**EXERCISE AIM**
Print the listing below a second time, exactly, and omit its images.

**EXERCISE DATA**
--------
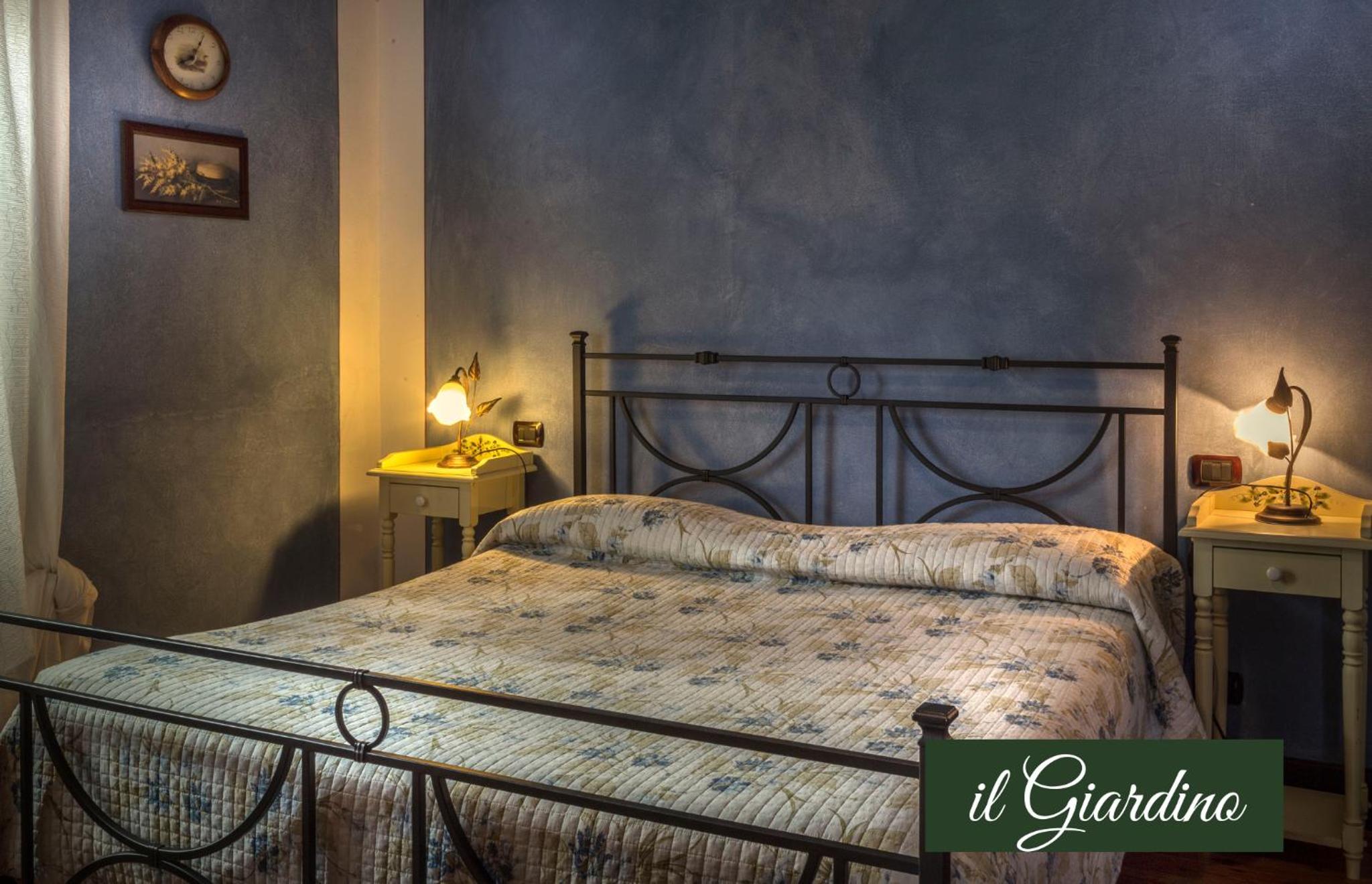 Two-Bedroom Suite - Photo 1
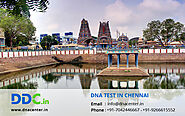 DNA Test in Chennai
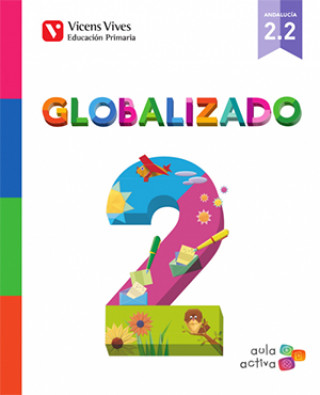 Aula Activa, Globalizado 2.2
--------
**OUTPUT BELOW**
 Two-Bedroom Suite - Photo 1
 DNA Test in Chennai
 Aula Activa, Globalizado 2.2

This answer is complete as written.